This is a tooling issue.

D builds and messaging are rigged to consider unittests as a special build followed by a special run of an application.

In brief: I'd like to transition to a model in which unittesting is organically part of the build. After all, you wouldn't want to deploy an application that's failing its unittests.

Detail: Consider running a build vs. a unittest in one of the supported editors/IDEs (emacs, vim, Code:Blocks, Visual D, Xamarin...). During a build, an error will come in a standard format, e.g.

std/array.d(39): Error: undefined identifier xyz

This format is recognized by the editor and allows the user to click on it and go straight to the offending line etc.

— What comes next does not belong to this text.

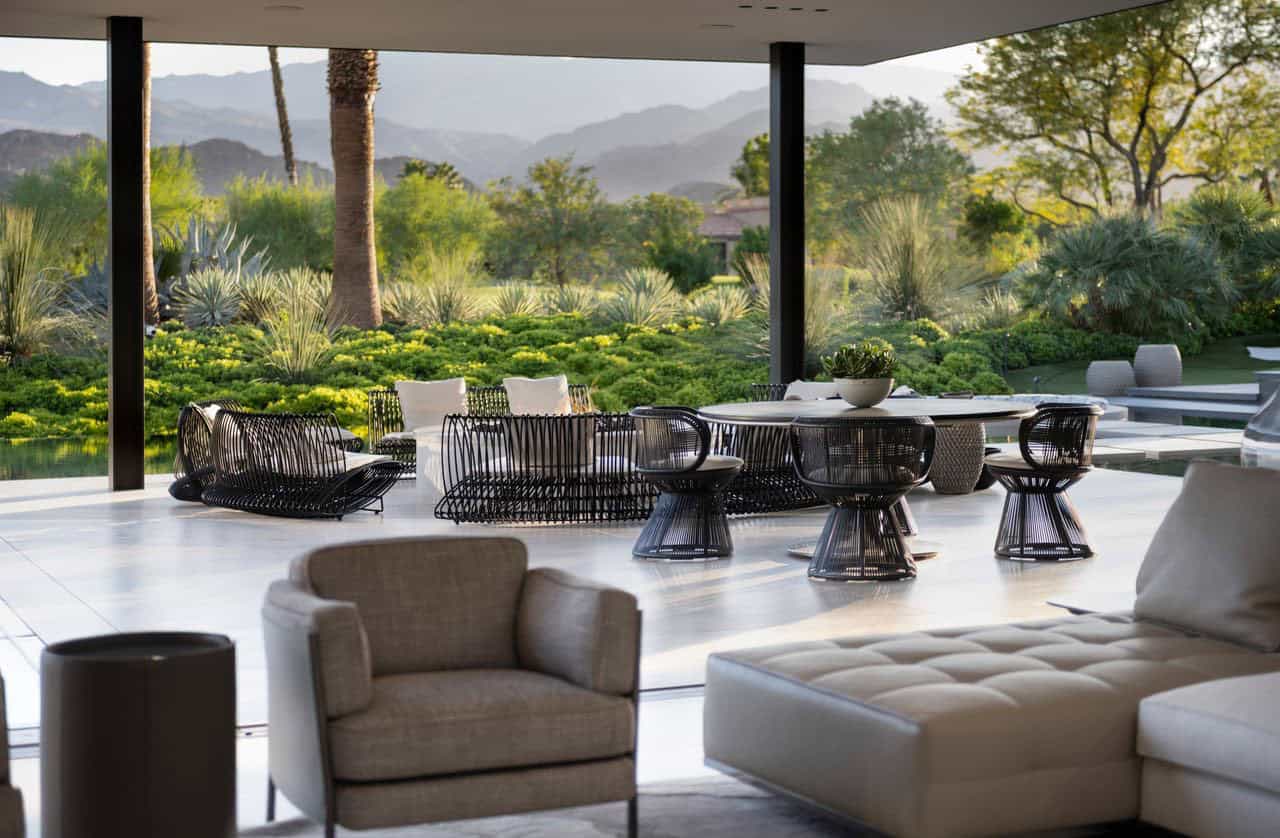 modern living room with a view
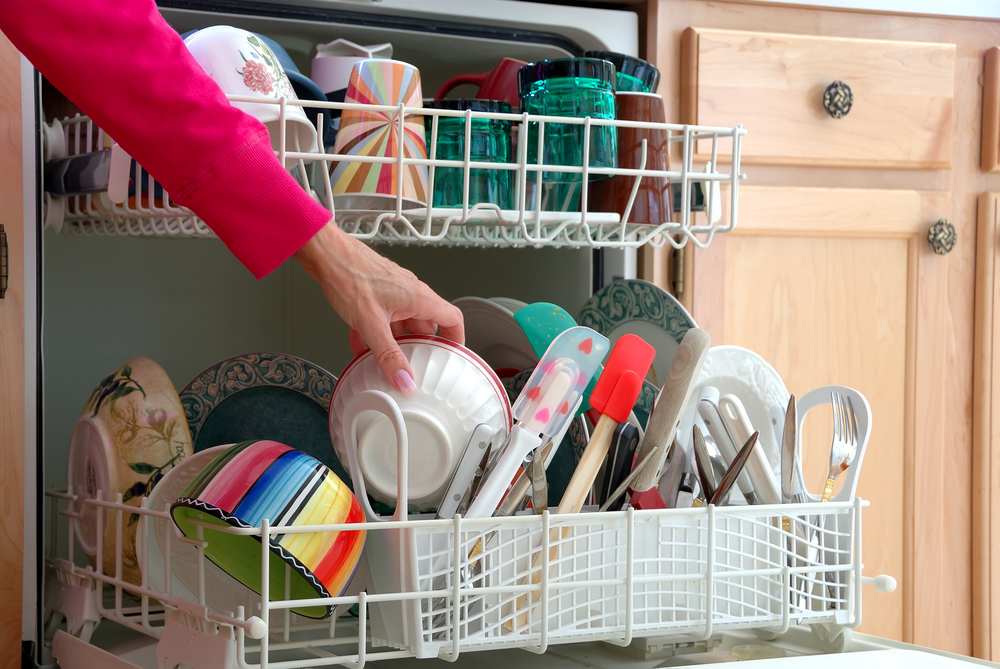 Dishwasher, dirty dishes, opvaskmaskine, oppvaskmaskin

In contrast, a failing unittest has a completely different format. In fact, it's a format that's worse than useless because it confuses the editor:

core.exception.AssertError@std/array.d(39): xyz

emacs will recognize the text as a filename and upon clicking would ask the user to open the nonsense file "core.exception.AssertError@std/array.d". This error line is followed by a stacktrace, which is in no recognizable format. It should be in the format of e.g. gcc remarks providing additional information for an error, and again provide file/line information so the user can click and see the call stack in the source.

Where I want us to be is a place where unittests are considered a part of the build; it should be trivial to set things up such that unittesting is virtually indistinguishable from compilation and linking.

This all is relatively easy to implement but might have a large positive impact.

Please chime in before I make this into an issue. Anyone would like to take this?